Matematika murni adalah matematika yang tidak memikirkan tujuan praktisnya sama sekali. Sepertinya kalau ia mempelajari bilangan, maka ia tidak menghubungkannya dengan banyaknya bunga adenium yang dimiliki, atau kalau mempelajari bentuk, ia tidak menghubungkannya dengan sebuah pot bunga. Matematika murni melepaskan dirinya dari keseharian kita, sehingga ketika guru menghadirkannya di dalam kelas, untuk mereka seusia siswa sekolah jelas tidak mudah tertarik. Apalagi disiplin berpikir sangat mutlak dalam memecahkan masalah matematika. Yaitu, abstraksi dan pembuktian.
Bagi para ahli Matematika Murni, satu-satunya yang mereka inginkan adalah meluaskan batas-batas pengetahuan matematika manusia. Orang-orang ini tidak mempedulikan penerapan penelitian mereka dalam kehidupan sehari-hari, karena mereka memandang karya mereka sebagai seni, dan mengukur nilainya menurut kecemerlangan dan keindahan logikanya serta kerapian penalarannya. Aktivitasnya dalam matematika abstrak merupakan kekuatan untuk membuktikan abstraksi, generalisasi dan spesialisasi. Matematika menjadi estetik, menjadi matematika demi matematika. Sampai-sampai Albers (dalam Herman Hudoyo, Kapita Selekta, 2005) secara emosional manyatakan, bahwa Matematika Murni adalah baik, dan Matematika Terapan adalah jelek.
Namun sepengetahuan penulis, sebenarnya tidak pernah terjadi kesepakatan bulat atas pernyataan Albers tersebut. Memasuki abad ke-21, terdapat perubahan sikap yang menunjukkan dan mengakui, bahwa Matematika Terapan yang benar adalah juga sebagai seni. Sebab, Matematika Terapan melibatkan pilihan yang harus dibuat berdasarkan pengalaman, intuisi, bahkan inspirasi, yang notabene hal ini merupakan kriteria sebuah hasil seni yang berkualitas (Herman Hudoyo, Kapita Selekta, 2005)

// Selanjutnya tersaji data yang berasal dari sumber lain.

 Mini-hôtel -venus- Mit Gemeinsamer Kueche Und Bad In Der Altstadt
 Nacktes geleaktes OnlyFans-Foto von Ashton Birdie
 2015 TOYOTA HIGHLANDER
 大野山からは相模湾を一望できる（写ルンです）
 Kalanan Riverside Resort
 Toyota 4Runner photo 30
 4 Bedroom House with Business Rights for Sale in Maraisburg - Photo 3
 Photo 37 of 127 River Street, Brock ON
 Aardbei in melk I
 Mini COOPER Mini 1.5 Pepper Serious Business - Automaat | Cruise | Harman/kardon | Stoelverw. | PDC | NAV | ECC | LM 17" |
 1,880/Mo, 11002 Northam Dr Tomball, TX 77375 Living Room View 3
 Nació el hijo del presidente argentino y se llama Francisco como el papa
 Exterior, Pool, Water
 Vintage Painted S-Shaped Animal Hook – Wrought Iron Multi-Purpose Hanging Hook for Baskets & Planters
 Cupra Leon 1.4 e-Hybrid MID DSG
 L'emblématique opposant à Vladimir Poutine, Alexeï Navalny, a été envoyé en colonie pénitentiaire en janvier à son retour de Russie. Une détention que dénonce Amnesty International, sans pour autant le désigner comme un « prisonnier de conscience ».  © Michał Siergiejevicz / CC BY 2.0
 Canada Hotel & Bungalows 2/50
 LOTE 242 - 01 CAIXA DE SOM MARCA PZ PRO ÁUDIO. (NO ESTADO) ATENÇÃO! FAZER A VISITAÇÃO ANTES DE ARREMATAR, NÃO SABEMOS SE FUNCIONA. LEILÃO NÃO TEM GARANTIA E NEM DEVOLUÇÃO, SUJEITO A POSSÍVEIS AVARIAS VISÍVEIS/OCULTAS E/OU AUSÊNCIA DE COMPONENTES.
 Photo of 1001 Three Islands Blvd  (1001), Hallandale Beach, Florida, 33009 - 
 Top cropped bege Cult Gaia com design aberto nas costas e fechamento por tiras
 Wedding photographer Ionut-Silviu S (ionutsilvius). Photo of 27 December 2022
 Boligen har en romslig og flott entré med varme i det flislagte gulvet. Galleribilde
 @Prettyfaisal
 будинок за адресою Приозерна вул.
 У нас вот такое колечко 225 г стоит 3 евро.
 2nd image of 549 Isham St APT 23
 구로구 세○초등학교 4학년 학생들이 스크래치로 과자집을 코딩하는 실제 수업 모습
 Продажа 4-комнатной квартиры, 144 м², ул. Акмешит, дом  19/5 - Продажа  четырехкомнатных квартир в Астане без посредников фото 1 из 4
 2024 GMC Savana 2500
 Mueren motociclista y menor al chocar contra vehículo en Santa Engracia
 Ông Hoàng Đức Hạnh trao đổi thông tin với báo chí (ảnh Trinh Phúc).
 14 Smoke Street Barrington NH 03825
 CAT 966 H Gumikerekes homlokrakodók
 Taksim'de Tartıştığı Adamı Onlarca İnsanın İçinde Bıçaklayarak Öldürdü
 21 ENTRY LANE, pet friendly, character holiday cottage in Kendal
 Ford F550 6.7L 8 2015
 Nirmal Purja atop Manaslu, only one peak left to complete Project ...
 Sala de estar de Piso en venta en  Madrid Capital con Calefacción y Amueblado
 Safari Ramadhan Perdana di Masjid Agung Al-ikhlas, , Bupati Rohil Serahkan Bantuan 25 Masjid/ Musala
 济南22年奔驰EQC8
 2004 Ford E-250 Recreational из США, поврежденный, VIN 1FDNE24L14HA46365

Dengan demikian mudah dikatakan, bahwa dalam matematika terdapat kedua-duanya, yaitu baik seni maupun sains. Sayang, ketika di depan kelas keduanya sangat sulit dimunculkan berbarengan dalam situasi menyenangkan.
Matematika Terapan jarang sekali diampu oleh para guru. Padahal ia seakan membawa Matematika Murni turun dari menara gadingnya. Guru-guru matematika yang hebat, praktisi pembelajaran kontekstual (CTL), akan mampu merumuskan masalah keseharian dan realita kehidupan ke dalam bahasa matematika. Seringkali apa yang merupakan persamaan murni, di tangan mereka berubah menjadi jadwal industri, daftar statistic, atau ramalan pemilu, sehingga siswa menjadi tertarik dan ujung-ujungnya senang.
Oleh karena itu, sukailah matematika, baik yang murni atau terapan.